Não à “religião da maquiagem”: rejeitar as aparências

           Francisco enfatizou que “o que importa é a liberdade que deu a redenção, que deu o amor, que deu a recriação do Pai”. “Aquela liberdade interna, aquela liberdade de se fazer o bem escondido, sem tocar os trompetes, porque a estrada da verdadeira religião é a mesma de Jesus: a humildade, a humilhação. E Jesus, diz Paulo aos filipenses, humilhou-se a si mesmo, esvaziou-se a si mesmo. É a única estrada para arrancar de nós o egoísmo, a cobiça, a soberba, a vaidade, o mundanismo. Ao contrário, esta gente que Jesus repreende é gente que segue a religião da maquiagem: a aparência, o aparecer, fingir parecer, mas por dentro… Jesus usa para esta gente uma imagem muito forte: ‘Vocês são túmulos reluzentes, bonitos por fora, mas por dentro são cheios de ossos de mortos e podridão’”.

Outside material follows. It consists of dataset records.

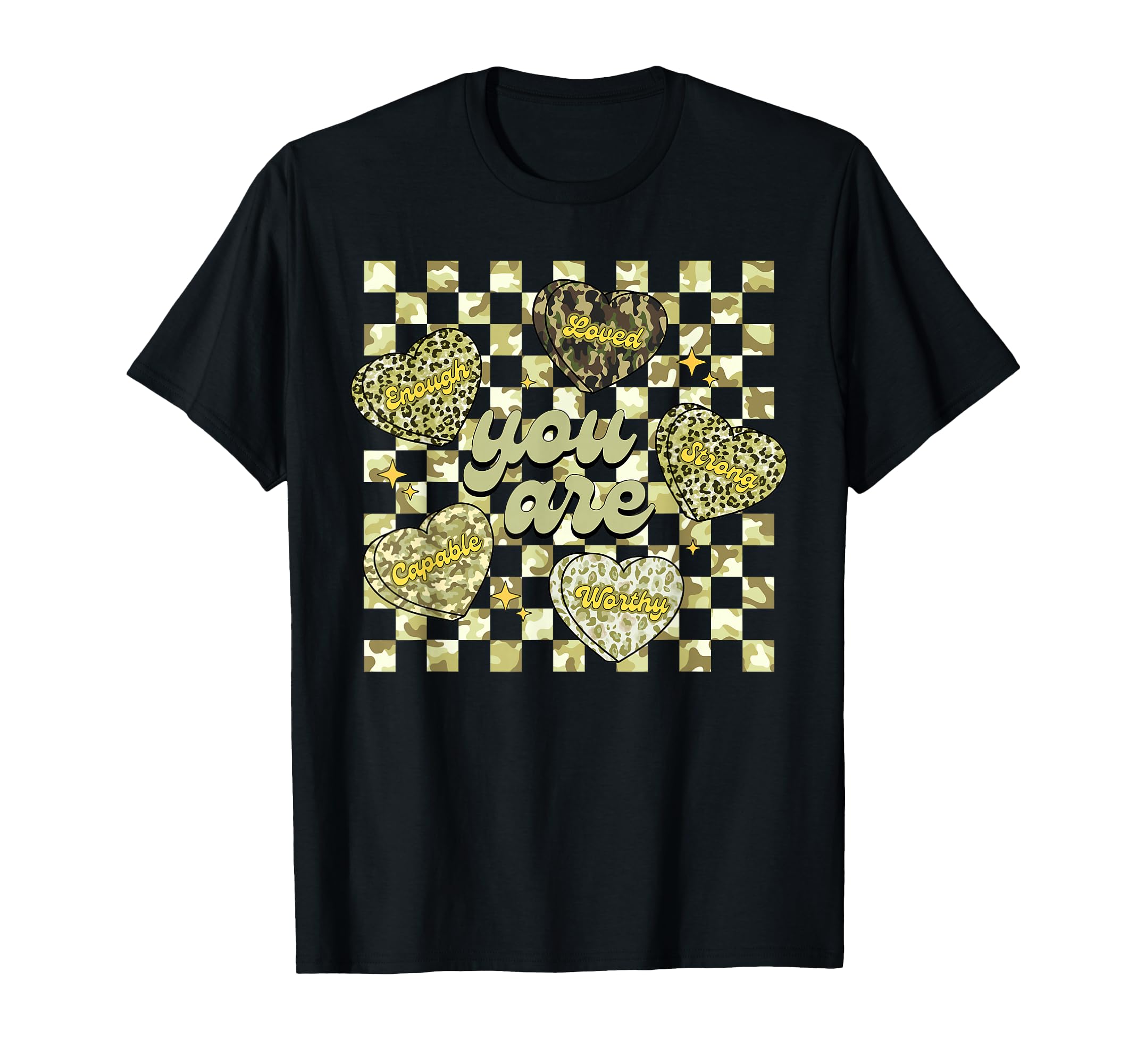 Checkered Camouflage You Are Enough T-Shirt - Unique Graphic Unisex - T-Shirt, Sweatshirt, Hoodie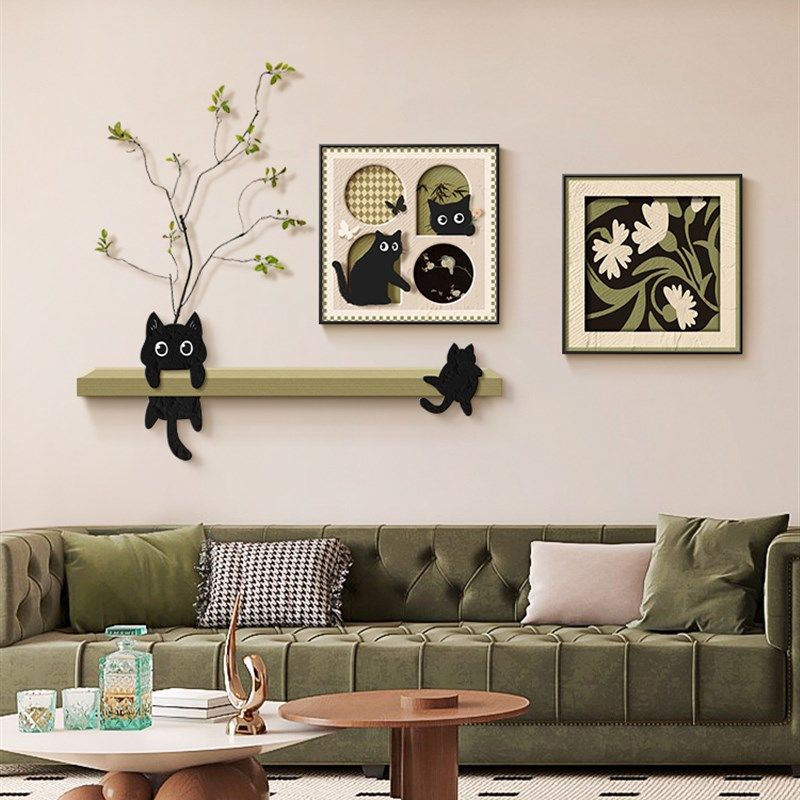 法式覆古客厅装饰画趣味猫小生境艺术组合画古色古香沙发背景,淘宝优惠券,粉丝福利购,淘宝优惠卷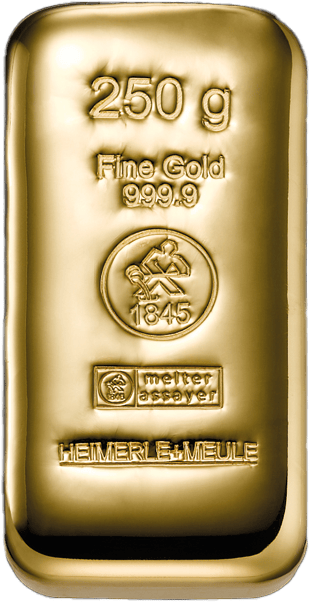 Gegossener Goldbarren von Heimerle + Meule, 250 g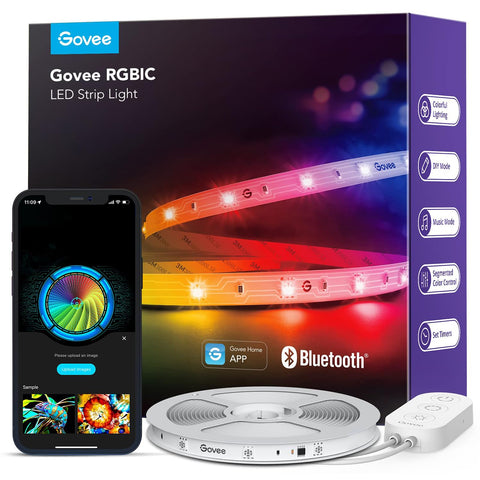 Govee RGBIC LED Strip Lights for Bedroom, Smart Bluetooth App Control, DIY Multiple Colors, Music Sync, Home Decor, 16.4ft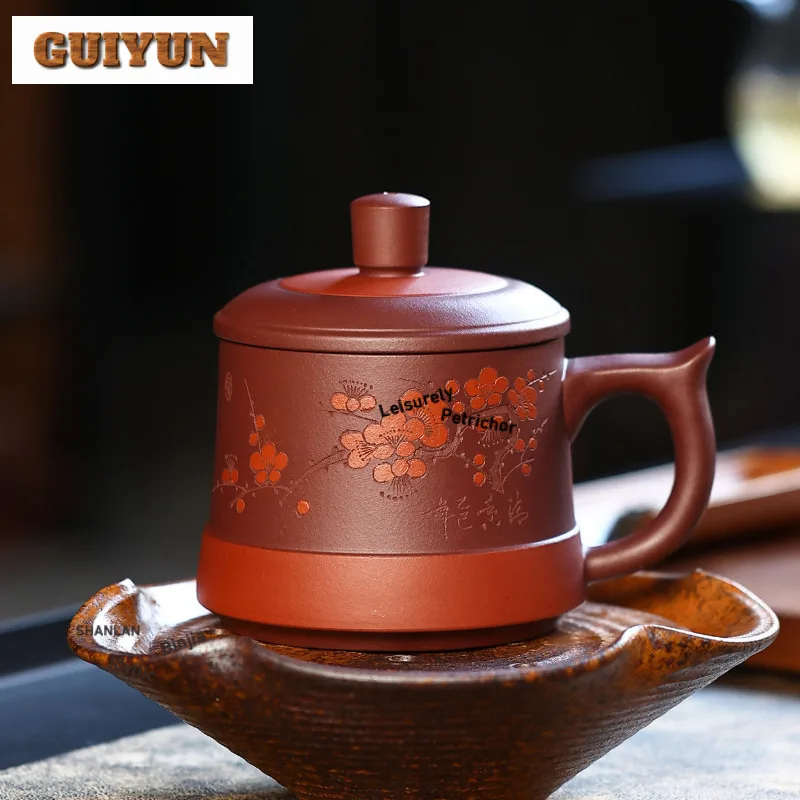 

500ml Yixing Purple Clay Plum Blossom Coffee Mug Couple Handgrip Cups Afternoon Tea Mug Master Office Water Cup Teaware Craft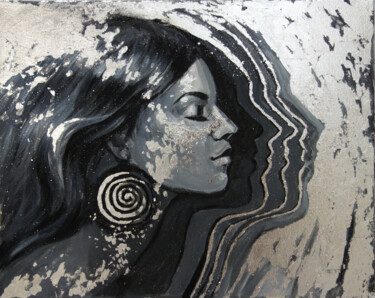 INFINITY-GIRL IN PROFILE IN GRAY TONES WITH SILVER LEAF, smo Painting titled "INFINITY-GIRL IN PR…" by Nadezhda Zueva, Original Art, Acrylic Mounted on Stretcher frame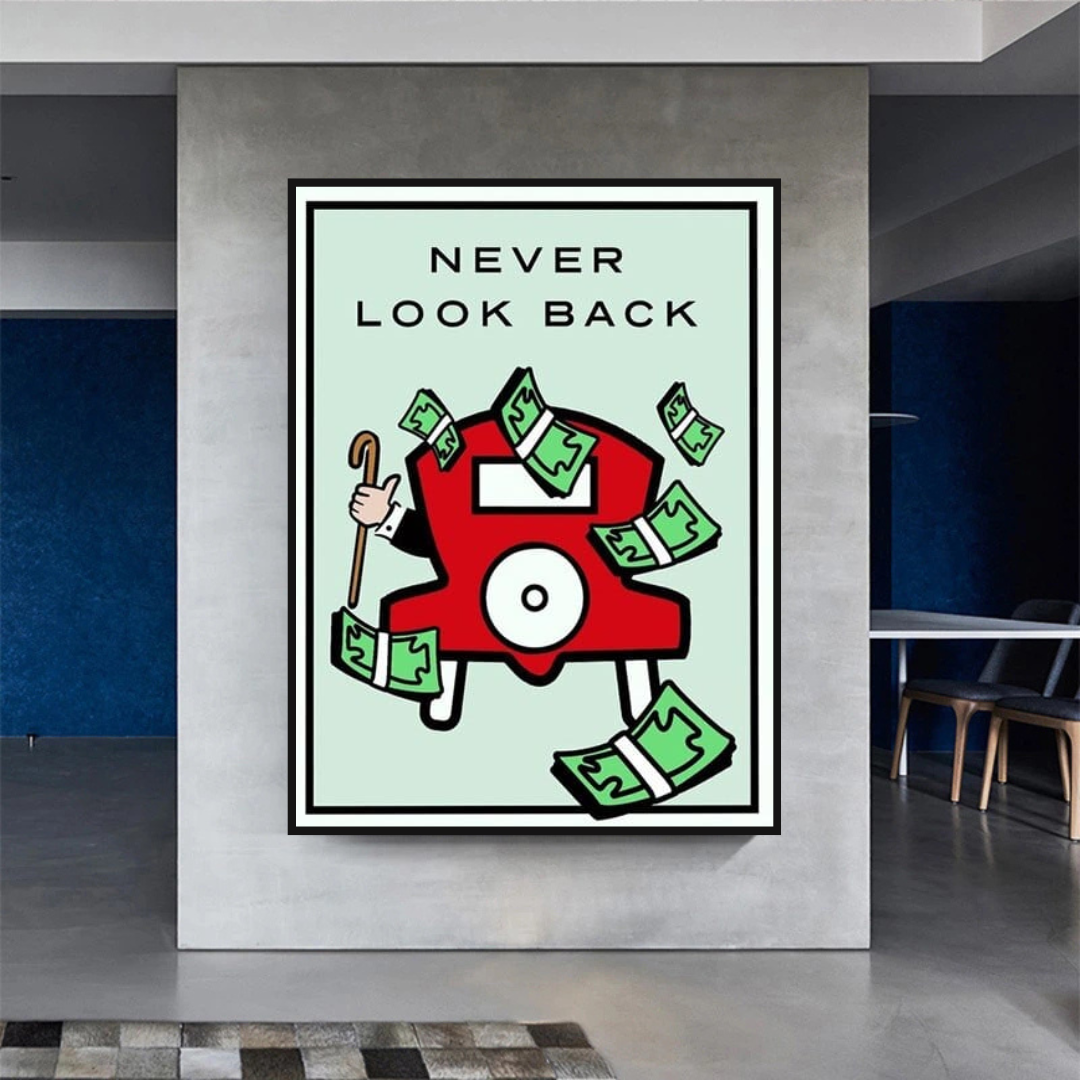 Monopoly Never Look Back Card Canvas Wall Art-ChandeliersDecor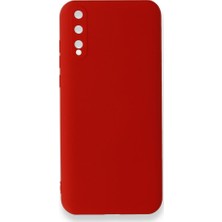 Nevarium Huawei Y8P Kılıf Silikon Içi Kadife Nano - Koyu Kırmızı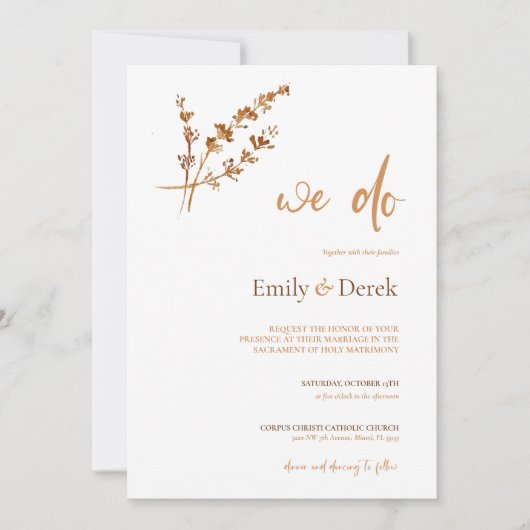 Elegante Boho Oranje Bloemen Trouwkaart Kaart (Voorkant)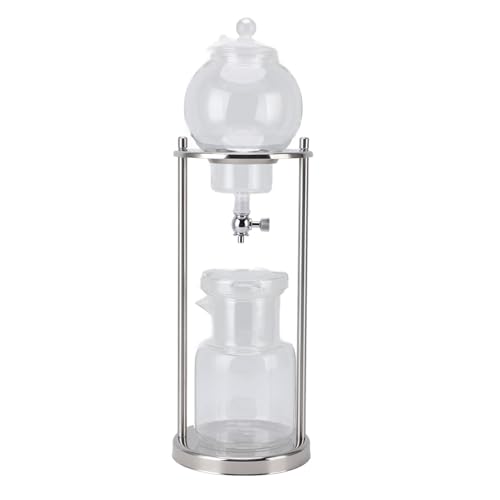 ZASCHMOY Ice Cold Brew Tropfer Kaffeemaschine mit Anpassbarem Brauprozess, Edelstahl & Glas, 5-8 Tasse, 600 Ml Cold Brew Tower für Home & Office, Silber ZASCHMOY Ice Cold Brew Tropfer Kaffeemaschine mit Anpassbarem Brauprozess, Edelstahl & Glas, 5-8 Tasse, 600 Ml Cold Brew Tower für Home & Office, Silber von ZASCHMOY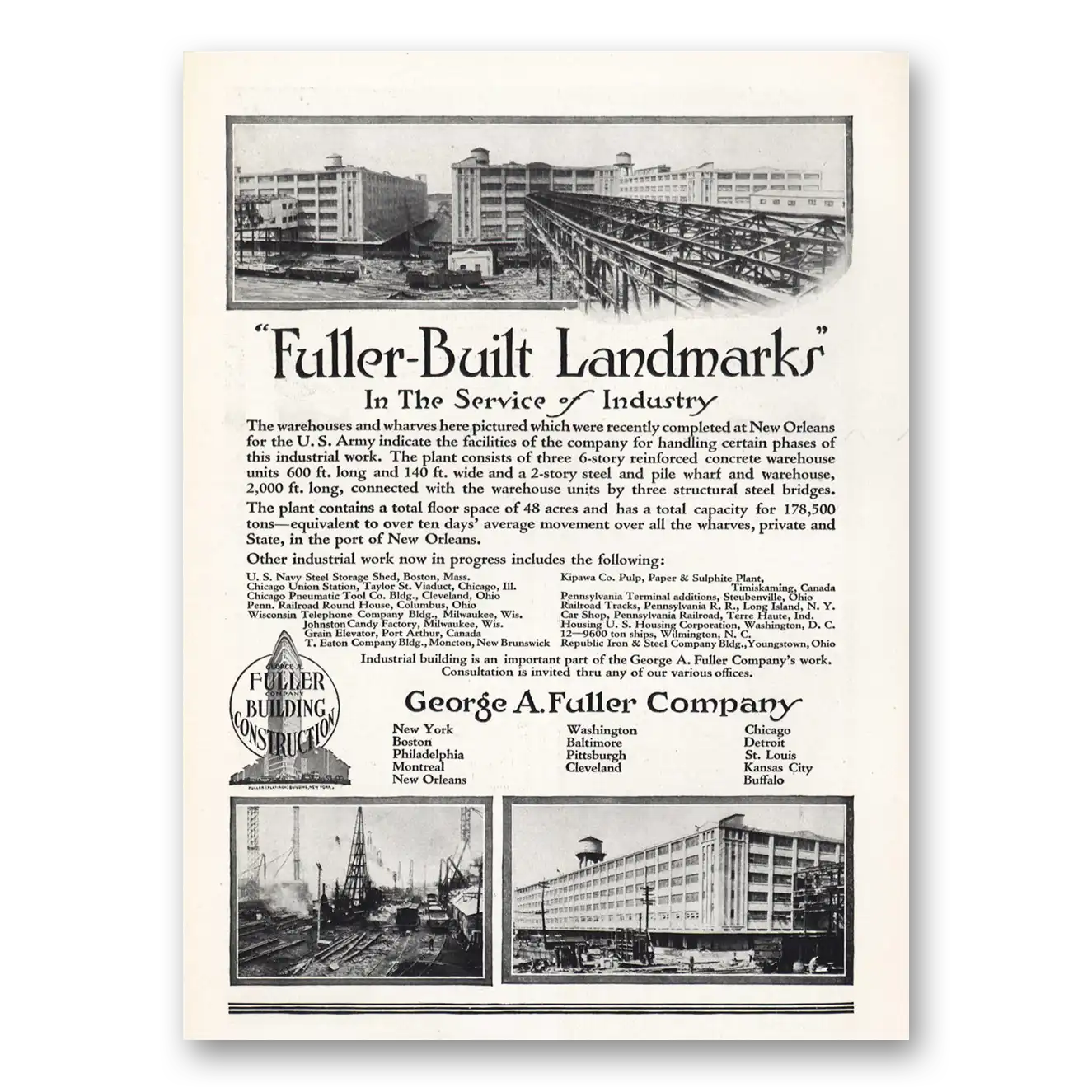 1919 Fuller Building Construction US Army New Orleans Vintage Magazine Print Ad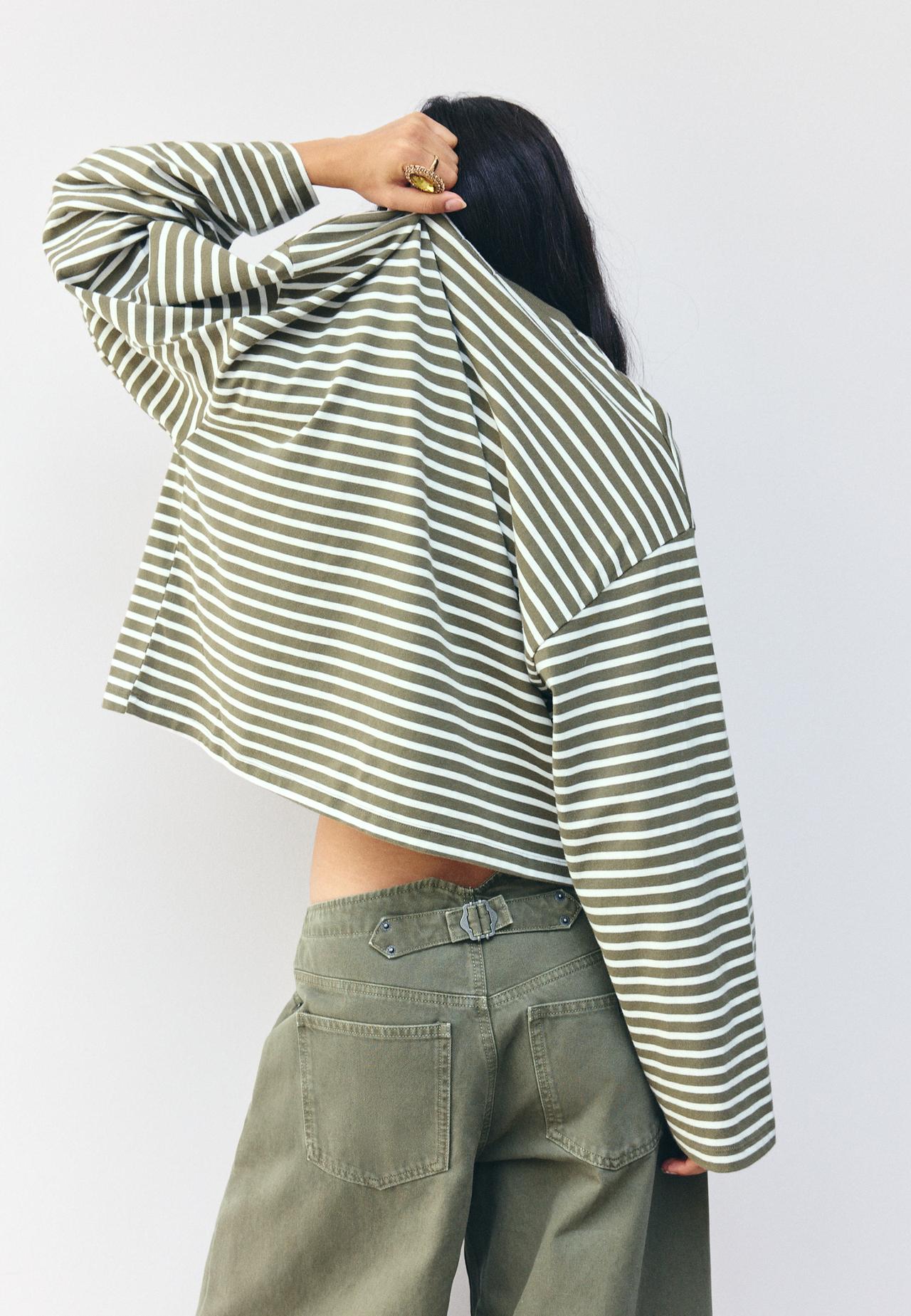 Striped long sleeve T-shirt — Khaki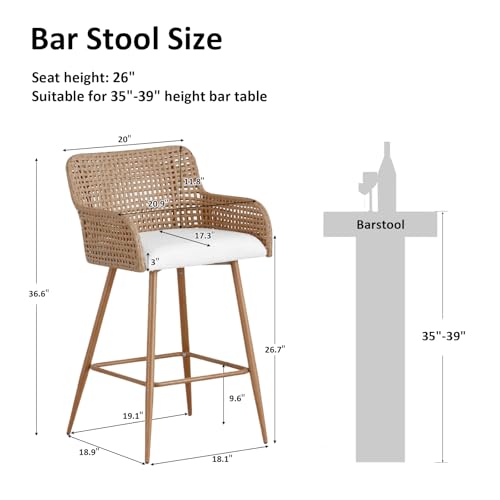 Butacos de altura para barra, set de 4, modernos con tapizado en bouclé y patas de metal, para isla de cocina o comedor, color beige blanco miniatura 2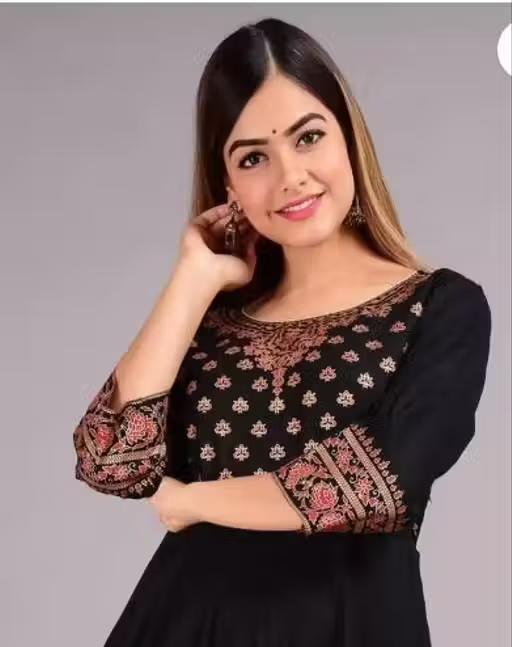 Women Rayon Anarkali Kurti - Image 3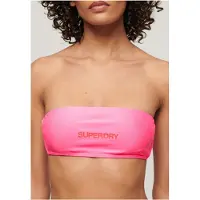 Superdry Dames Bandeau bikinitopje met roze logo (L), Strandkleding, Gerecycled polyester, Duurzaam W3010388A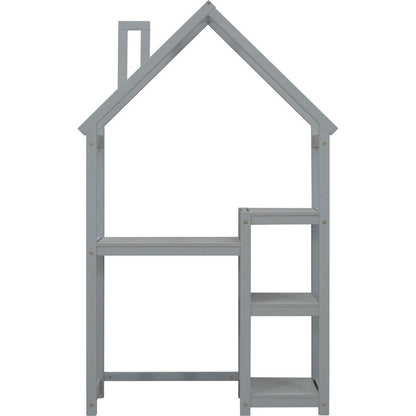 House-shaped Wooden writing Desk,Kids study Table,Bookshelf & Toy Storage,Grey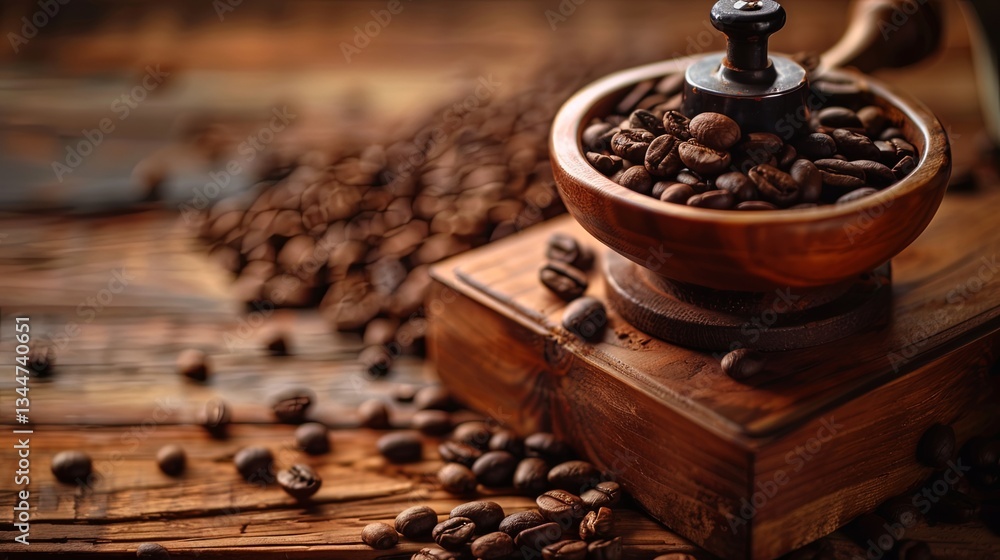 Poster exploring the aroma and richness of freshly ground coffee beans on a rustic wooden table generative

“Peçamos ao Senhor que nos ajude a rejeitar a religião do aparecer”

          “Jesus” acrescentou o Bispo de Roma, “nos chama, nos convida para fazermos o bem com humildade”. “Você pode fazer todo o bem que quiser, mas se não o fizer humildemente, como nos ensina Jesus, este bem não serve, porque é um bem que nasce de você mesmo, de sua segurança, e não da redenção que Jesus nos deu”. A redenção – acrescentou o Papa – “vem pelo caminho da humildade e das humilhações, porque jamais se chega à humildade sem as humilhações. E vermos Jesus humilhado na cruz”.

“Peçamos ao Senhor que não nos cansemos de caminhar por esta estrada, de não nos cansarmos de rejeitar esta religião da aparência, do parecer, do fingir ser… E caminhar silenciosamente fazendo o bem gratuitamente como nós gratuitamente, recebemos a nossa liberdade interior. E que Ele proteja esta liberdade interior de todos nós. Peçamos esta graça”.